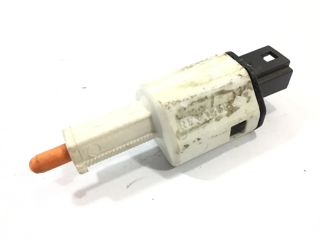 PROSWITCH Fren Musuru Fluence Stop Lambasi Kontaktoru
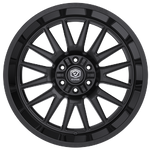 Edge Off Road 305B 20X9 94W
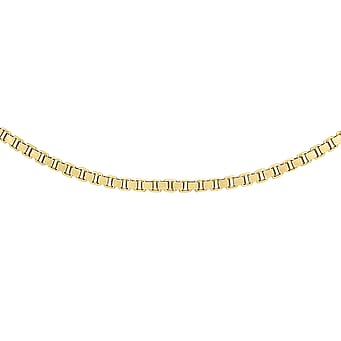 https://tjcuk.sirv.com/Products/75/7/7571659/ILIANA-18K-Yellow-Gold-Venetian-Box-Chain-18-Inch_7571659.jpg?w=342&h=342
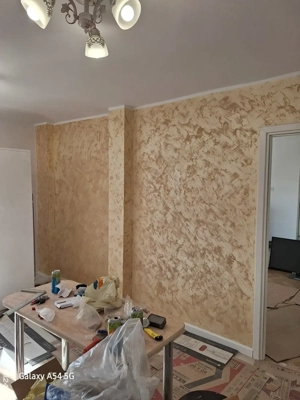 SC DARIO CONS S.R.L.Executam lucrari constructii - imagine 2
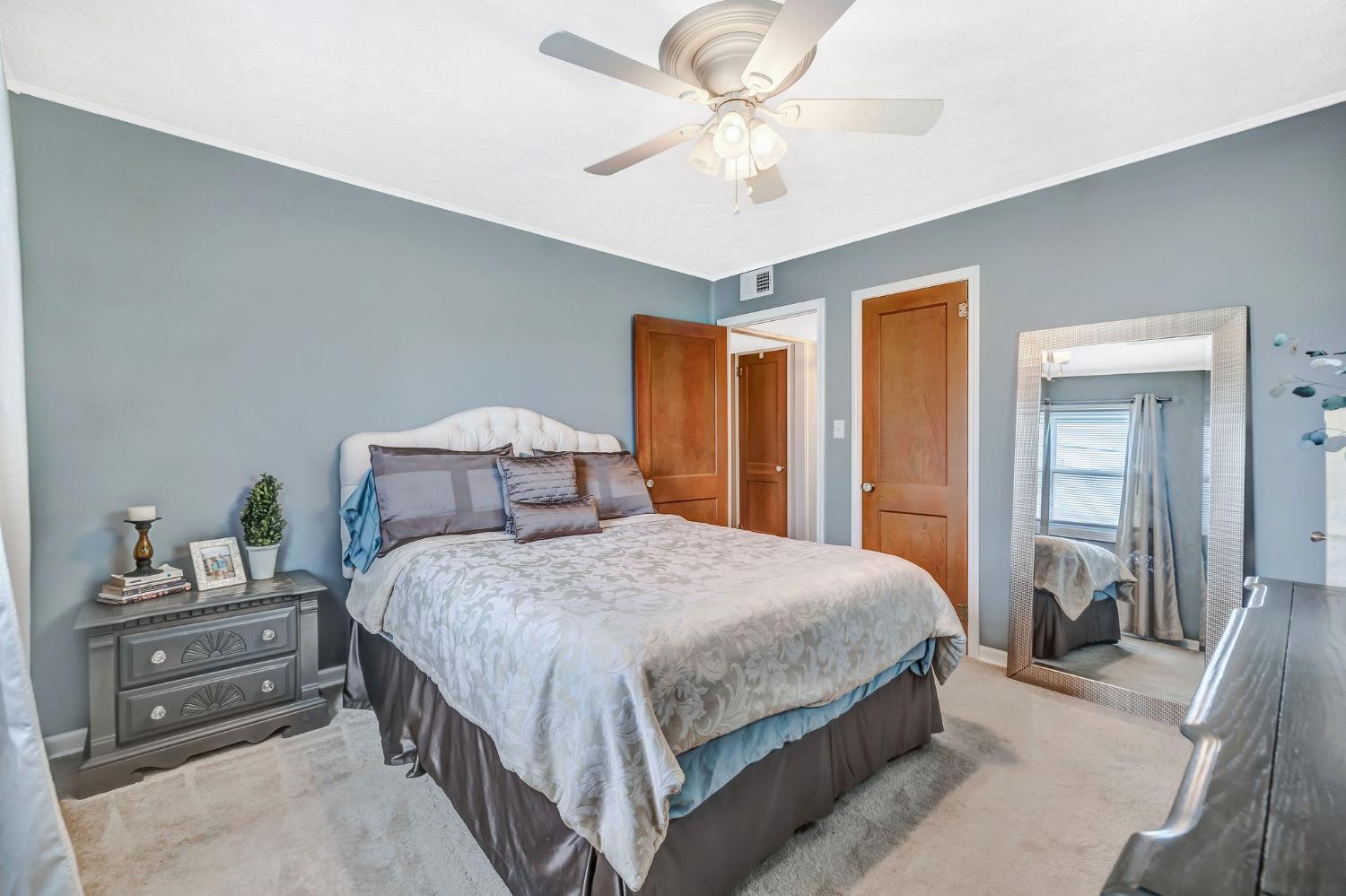 805 Columbia Road Hamilton, OH 45013 - Photo 14 of 21 Gallery Image 14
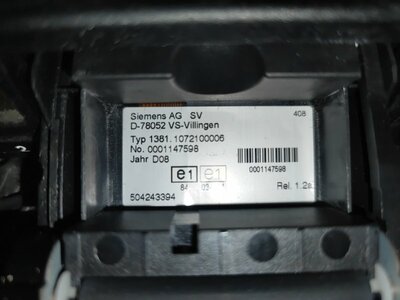 Iveco  (,  5)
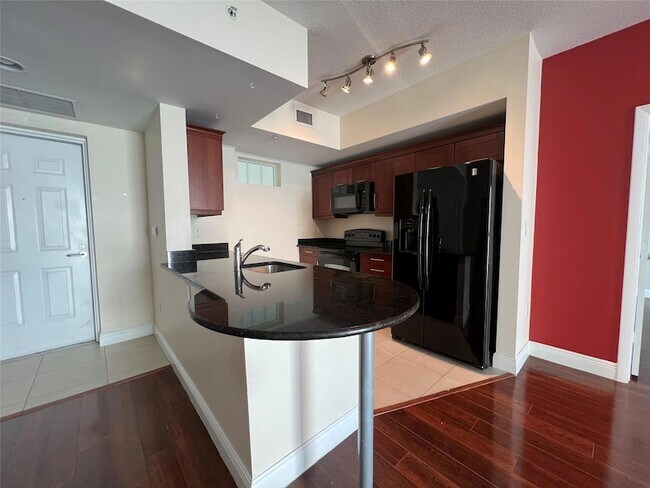 Foto del edificio - 7275 SW 90th Way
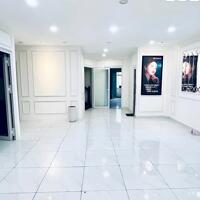 Cho Thuê Nhà: 115-115B Nguyễn Cư Trinh - Quận 1 ( DTSD: 700m2 )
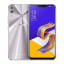 Asus ZenFone 5Z ZS620KL 256GB Dual Sim Srebrny Opinie i cena / Telefon i Smartfon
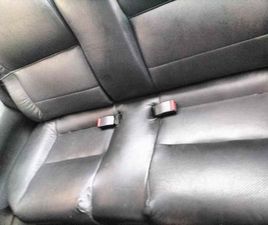 OPEL CALIBRA OPEL - CALIBRA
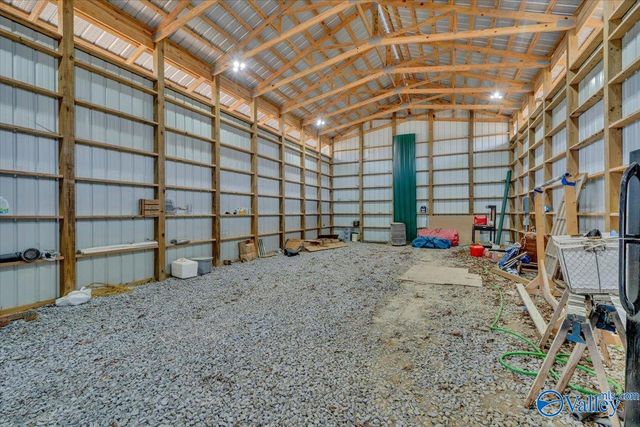 1670 Pleasant Hill Church Road, Boaz, AL 35956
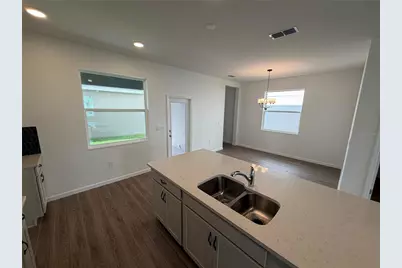 17334 Beachgrass Alley, Winter Garden, FL 34787 - Photo 14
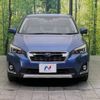 subaru xv 2019 -SUBARU--Subaru XV 5AA-GTE--GTE-004678---SUBARU--Subaru XV 5AA-GTE--GTE-004678- image 15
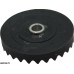 BSV 26T 48P Polymer Crown Gear for 3/32 Axle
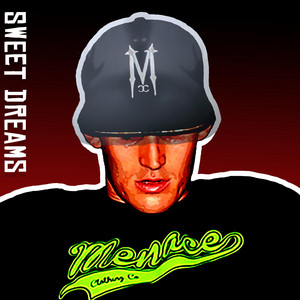 2Face - Sweet Dreams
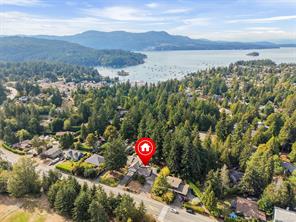 6938 Wallace Dr — listing photo 39 of 43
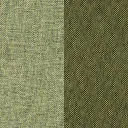 Rivet Burnish & Olive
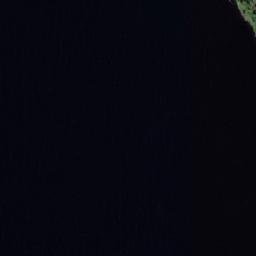 Satellite imagery of Verkkoniemi, FI
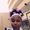 Photo of Anayah C.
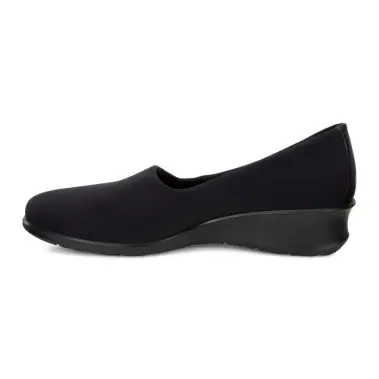Image 5 of Ecco Felicia Loafer Stretch Women's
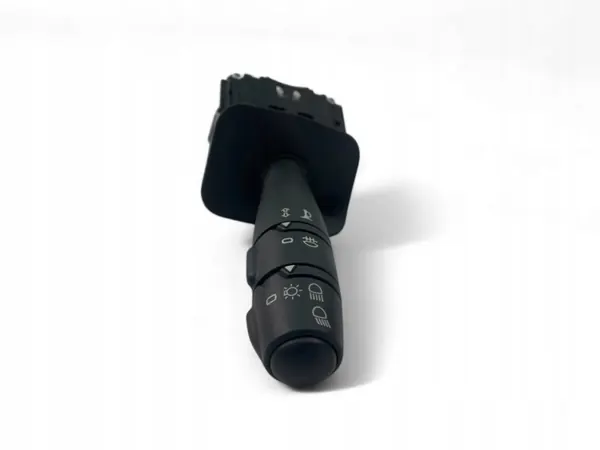 Renault OE 082569 Piscas Adicionais para Kangoo image 7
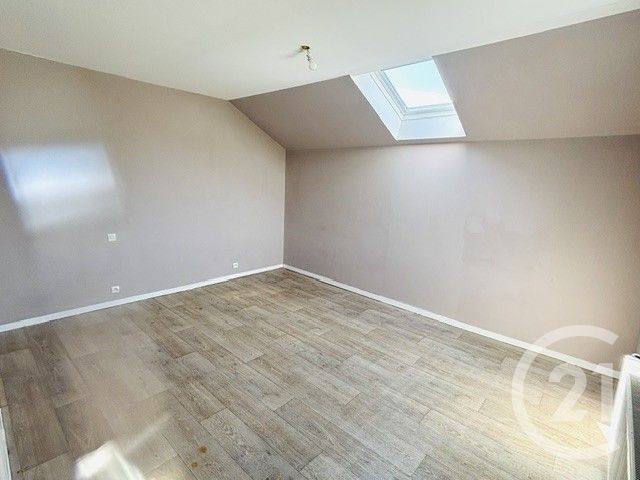 maison à vendre - 5 pièces - 86.5 m2 - COURTEMANCHE - 80 - PICARDIE - Century 21 Alliance
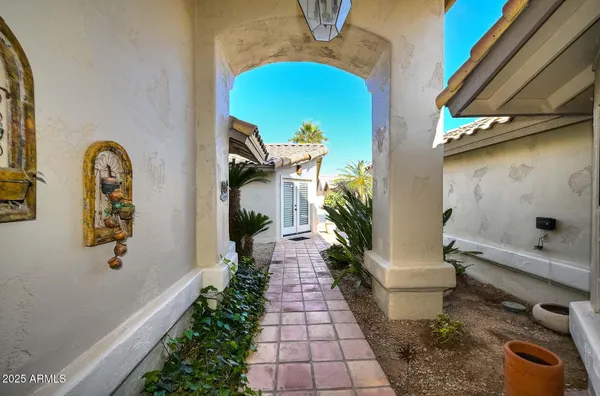 Property Slideshow image 3 of 58 | 14423 w morning star trl, Surprise, AZ, 85374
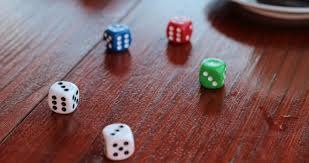 Los desarolladores de juegos de mesa xbox 360 lo saben. Cuales Son Los Juegos Mas Dificiles Del Mundo
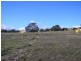 Lot 35, 136 Penna Road “BARILLA VIEWS”, Midway Point TAS 7171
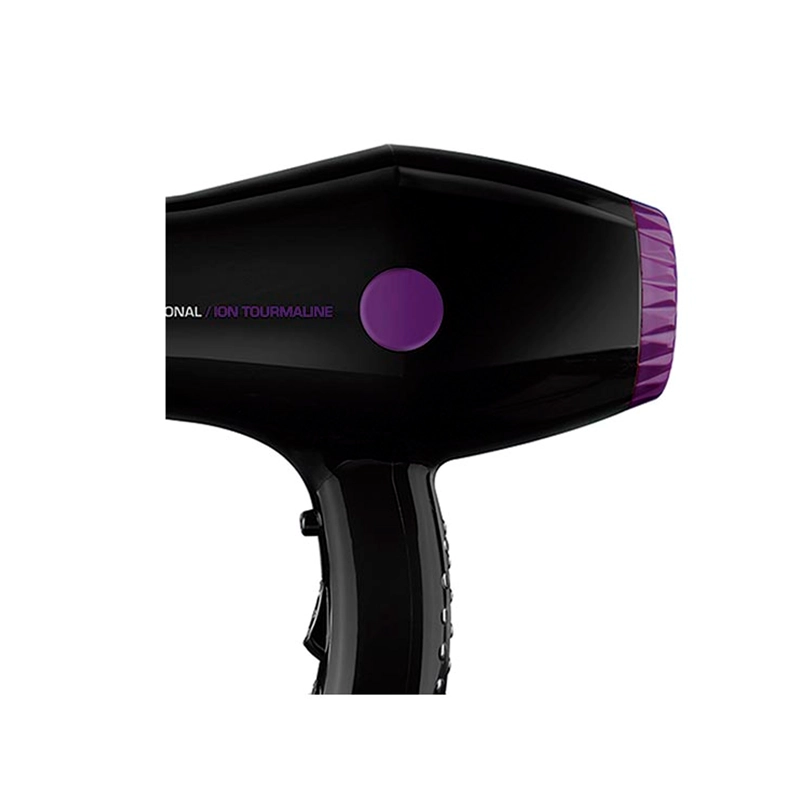 SECADOR DE CABELLO SIEGEN 1800 W SG-3049 2 VELOCIDADES - 3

What the exercise asks:
Please retype the data exactly as it appears, but without any of its pictures.

Task result:
 PROSWITCH Fren Musuru Fluence Stop Lambasi Kontaktoru
 Edge Off Road 305B 20X9 94W
 https://tjcuk.sirv.com/Products/75/7/7571659/ILIANA-18K-Yellow-Gold-Venetian-Box-Chain-18-Inch_7571659.jpg?w=342&h=342
 SC DARIO CONS S.R.L.Executam lucrari constructii - imagine 2
 805 Columbia Road Hamilton, OH 45013 - Photo 14 of 21 Gallery Image 14
 Iveco  (,  5)
 Foto del edificio - 7275 SW 90th Way
 Cho Thuê Nhà: 115-115B Nguyễn Cư Trinh - Quận 1 ( DTSD: 700m2 )
 Asus ZenFone 5Z ZS620KL 256GB Dual Sim Srebrny Opinie i cena / Telefon i Smartfon
 OPEL CALIBRA OPEL - CALIBRA
 1670 Pleasant Hill Church Road, Boaz, AL 35956
 17334 Beachgrass Alley, Winter Garden, FL 34787 - Photo 14
 subaru xv 2019 -SUBARU--Subaru XV 5AA-GTE--GTE-004678---SUBARU--Subaru XV 5AA-GTE--GTE-004678- image 15
 BSV 26T 48P Polymer Crown Gear for 3/32 Axle
 2Face - Sweet Dreams
 6938 Wallace Dr — listing photo 39 of 43
 Rivet Burnish & Olive
 Satellite imagery of Verkkoniemi, FI
 Photo of Anayah C.
Image 5 of Ecco Felicia Loafer Stretch Women's
 Renault OE 082569 Piscas Adicionais para Kangoo image 7
 maison à vendre - 5 pièces - 86.5 m2 - COURTEMANCHE - 80 - PICARDIE - Century 21 Alliance
 Property Slideshow image 3 of 58 | 14423 w morning star trl, Surprise, AZ, 85374
 Los desarolladores de juegos de mesa xbox 360 lo saben. Cuales Son Los Juegos Mas Dificiles Del Mundo
 Lot 35, 136 Penna Road “BARILLA VIEWS”, Midway Point TAS 7171
 SECADOR DE CABELLO SIEGEN 1800 W SG-3049 2 VELOCIDADES - 3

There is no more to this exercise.